Second, save your work someplace where it is remotely accessible — e.g., not just on your desktop. If you run into technical difficulties but have all of your work saved on the cloud, it will be less of a pain to get to your files.
Third (and most important): Save early, save often, save time. Please don’t forget to save your work as you go. As we’re all aware, Microsoft isn’t a miracle worker when it comes to retrieving what you’ve written.

6. Have a person you can vent to 

FSR is hard. If you try to go it alone, it’s even harder. Don’t isolate yourself from the rest of the world during this time in your life. Yes, your classmates are there, but they are all going through the same thing as you and have a lot of bias. If possible, find a person to support you who is not in FSR. Having someone who will listen to your rants about FSR, papers, professors and writing gives your brain less to think about so you can remain focused.

7. Take daily breaks 

Daily breaks are essential for FSR survival. They don’t have to be long, but you need to take them. Every day, I would walk back to student housing to eat lunch. It wasn’t a long break — probably 45 minutes — but it made sure that I got some exercise and ate lunch every day. Breaks — even short ones — help to clear your mind, keep you focused and give you the energy you need to make it through the rest of the day.

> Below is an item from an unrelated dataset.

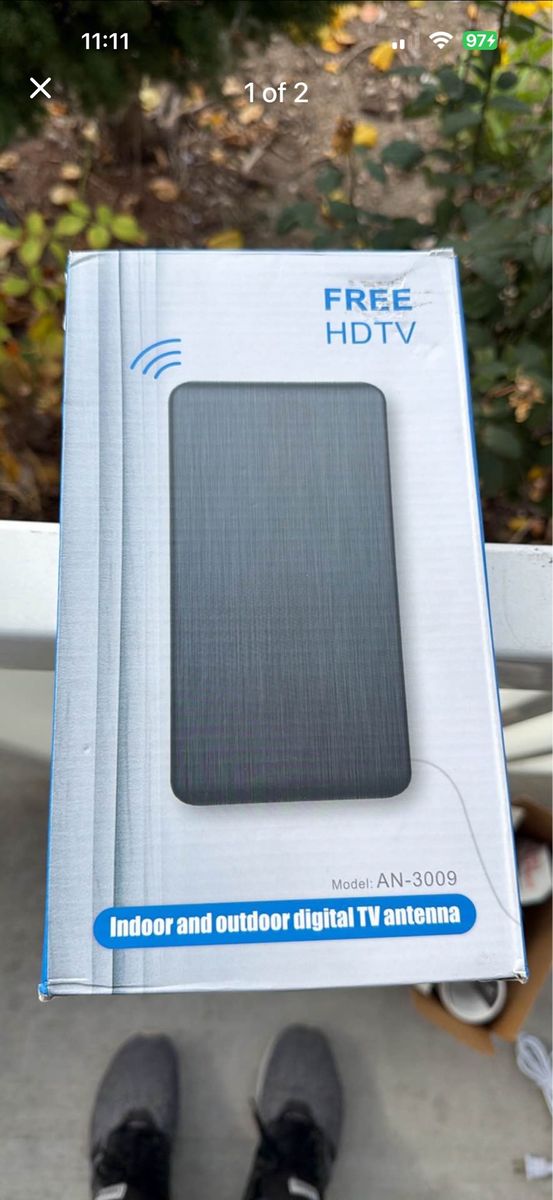 Indoor and Outdoor Digital TV Antenna Model AN-3009 FREE HDTV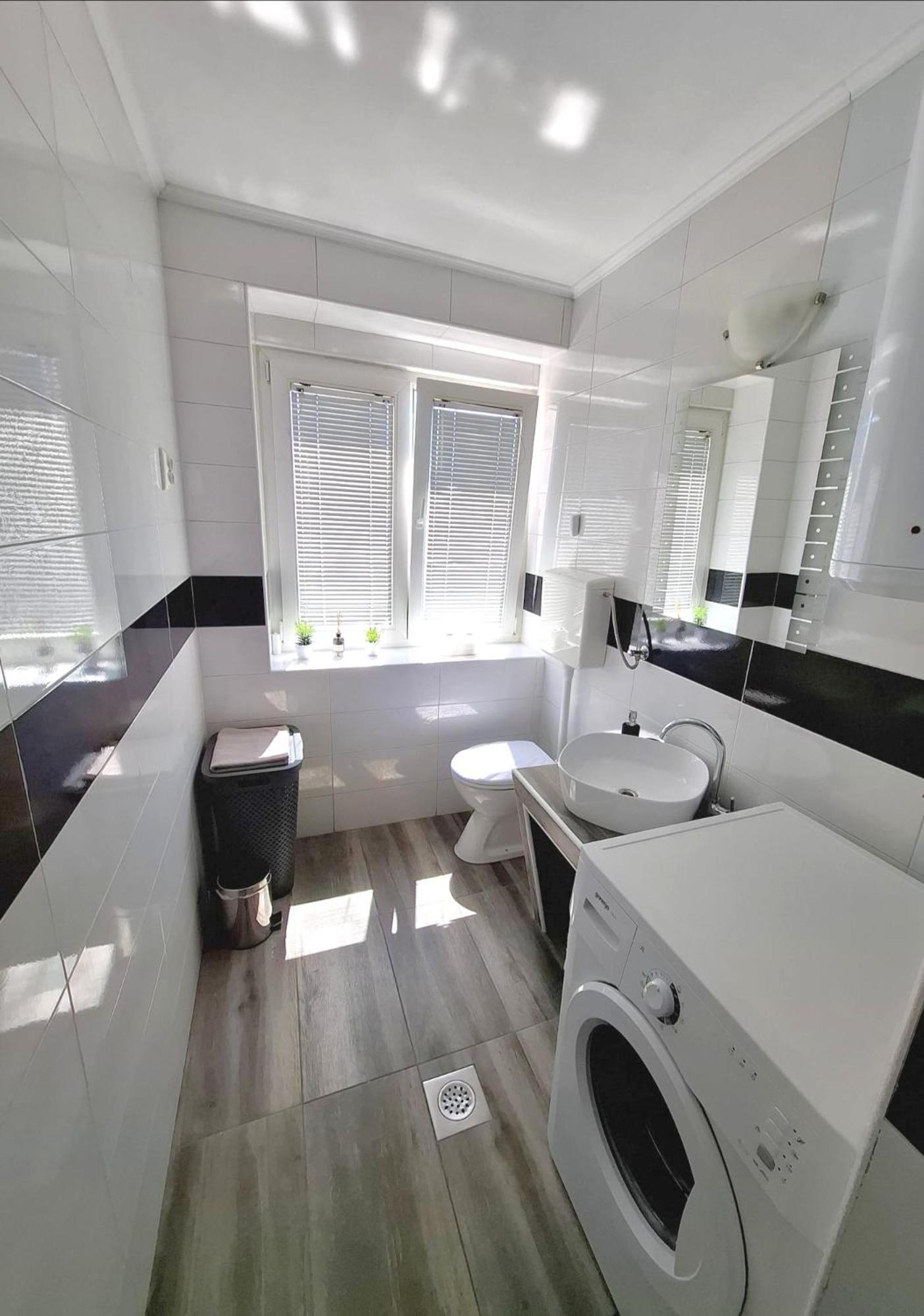 Apartment Tonio - Right On The Main Square Gospić Zewnętrze zdjęcie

8. Prepare for the in‑class discussions 

You may have just spent 48 hours immersed in a topic, but without preparation, those key points are likely to fly out of your head when it’s your turn to talk in class. This has happened to me and many of my classmates. While preparing for discussion doesn’t guarantee that you will never forget what you were going to say, it reduces the frequency of these occurrences. I found that taking 15 to 20 minutes the night before to write out the key points of my paper helped me to summarize my answers and gave me a short outline to review the next morning before class.

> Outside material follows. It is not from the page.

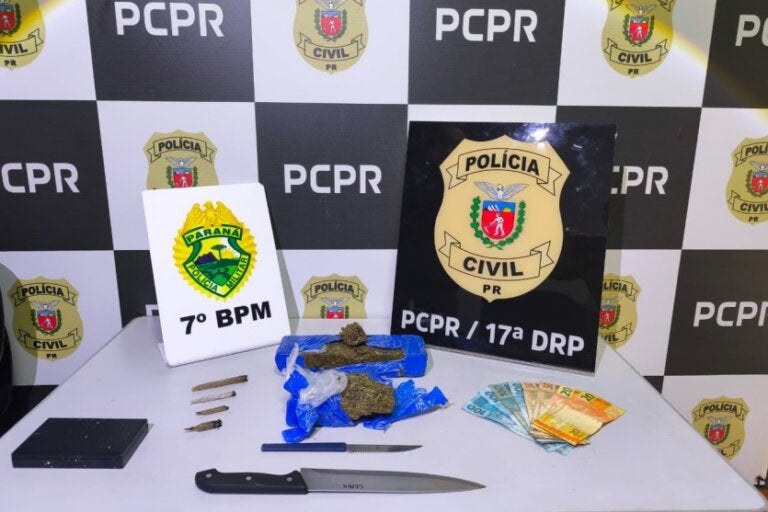 Maconha apreendida em Tapejara dispota em uma mesa da PCPR.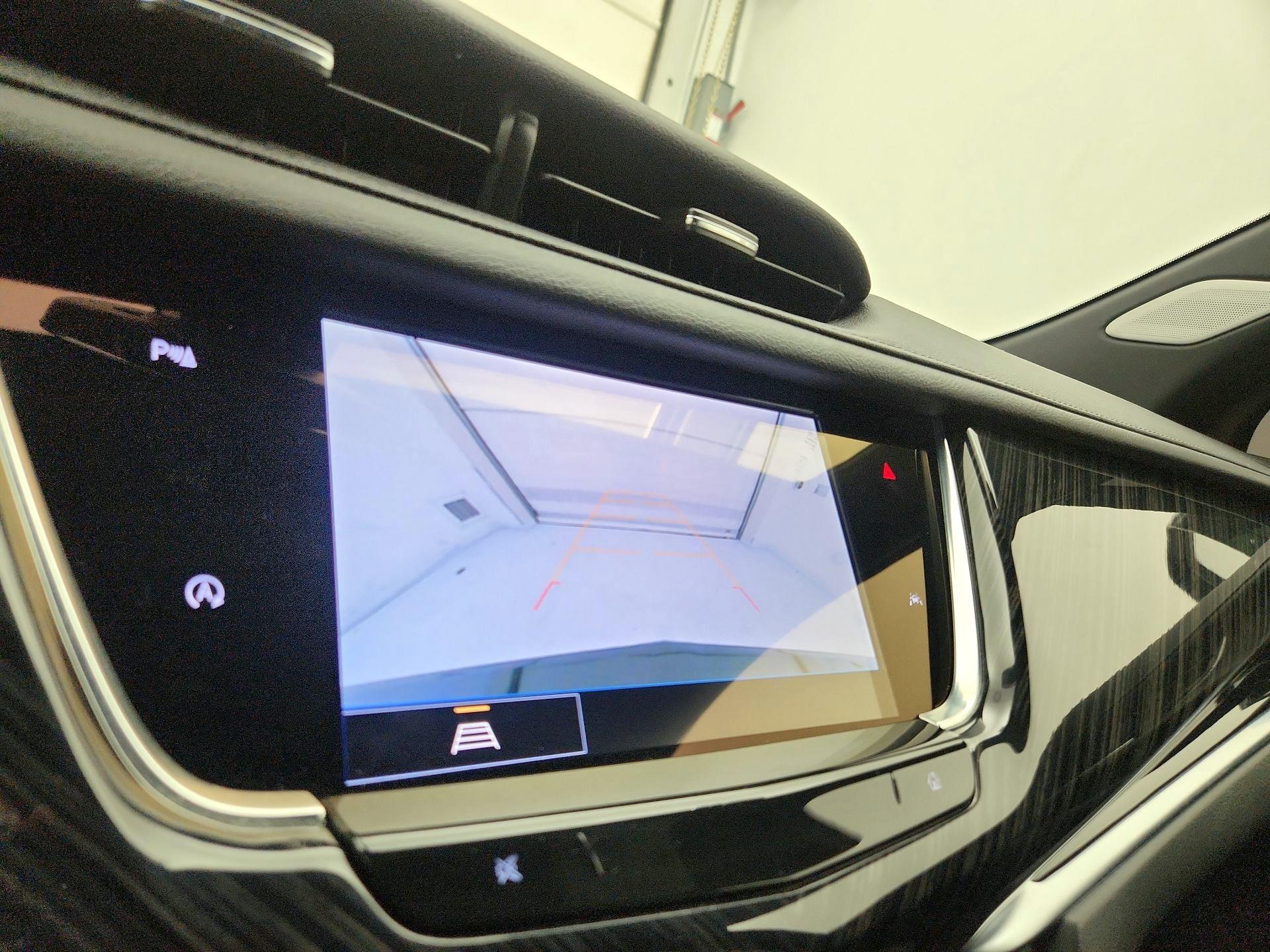 Thumbnail: 2025 Cadillac XT6 - 15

9. Ask questions during the in‑class discussions

This is an easy way to make sure you are speaking up and participating. As a bonus, it helps you pay attention; if you are going to ask a question, you have to know what the person was talking about in the first place. Asking questions shows the person that you were listening to what they had to say, and can spark some interesting conversations.

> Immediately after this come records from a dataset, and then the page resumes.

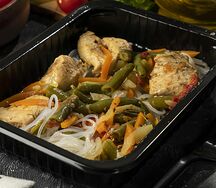 Фунчоза с курицей и овощами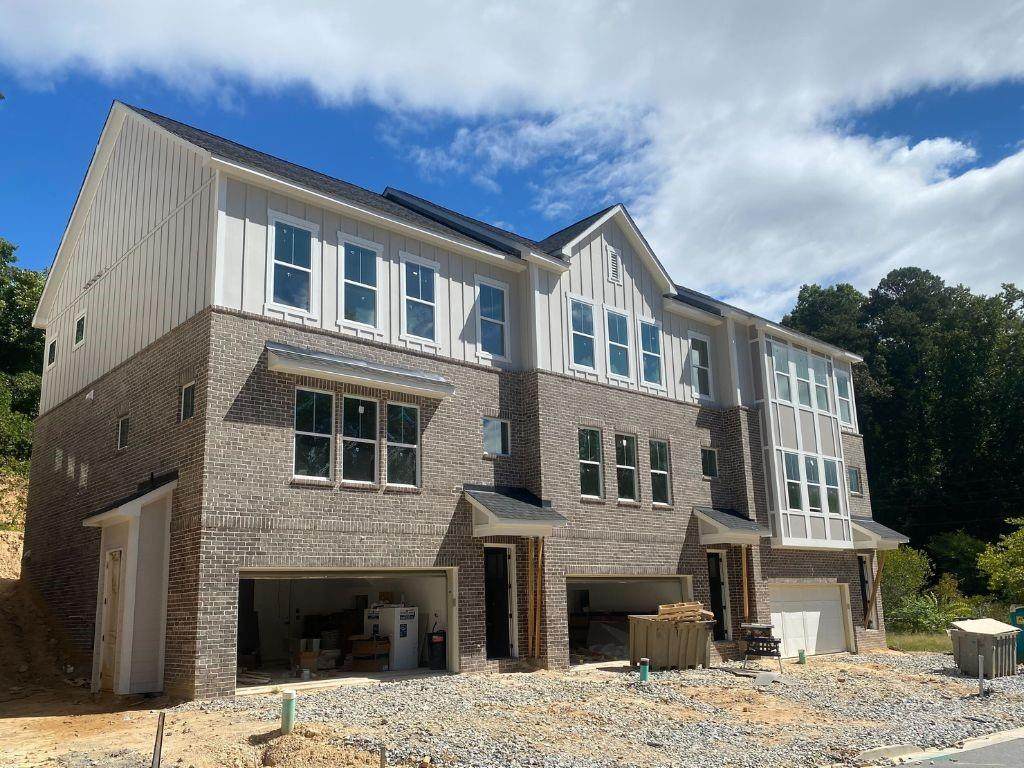 229 Marietta Street - Photo 1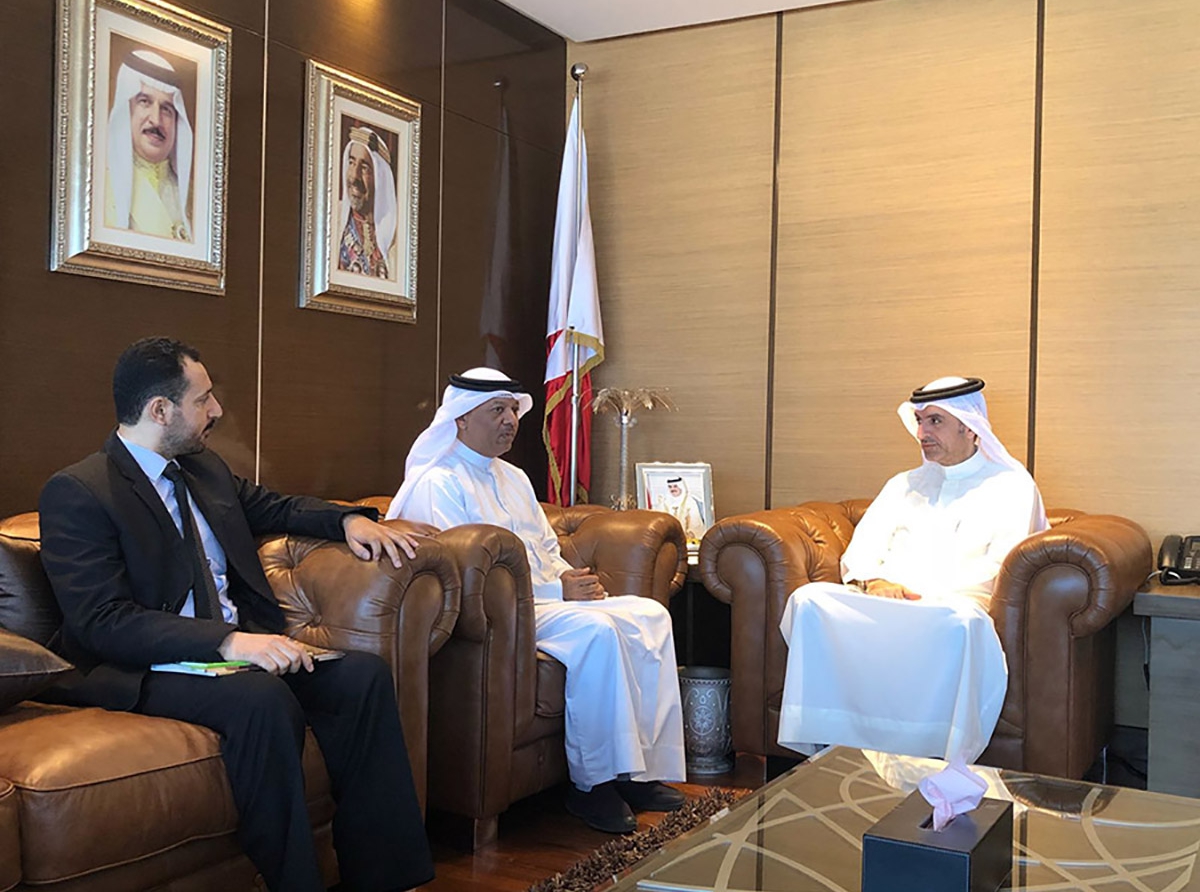  رئيس جمعية الكلمة الطيبة بوهزاع يلتقي سعادة السيد هشام الجودر وزير شؤون الشباب والرياضة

10. Enjoy the scheduled breaks 

The pre‑FSR break, RSO and Memorial Day weekend are magical times. For a few days, you don’t have to read papers or type madly on your computer. Enjoy these breaks! Don’t run yourself into the ground. You need your energy to make it through this course, and the breaks are there to make sure you get recharged enough to continue. Don’t forget everything you’ve been doing. But take these times to remember that life does go on outside of FSR, and that in a few weeks, you will be able to once again fully rejoin the human race.
So, what do I want you to take away from this?
If you’re a first‑year student, I want you to know that you will survive FSR. You will learn a lot — and I mean a LOT. FSR is hard — it’s the hardest class I’ve ever taken in my life. But I made it, and you are going to make it, too.
If you’re not an FSR veteran and have no plans to embark on this journey, I hope this gives you an idea of the hard work that Ph.D. students put into their education. It isn’t easy, but FSR is one of the components of the training (along with blood, sweat, tears and a hefty dose of science) that eventually produces a Ph.D. scientist.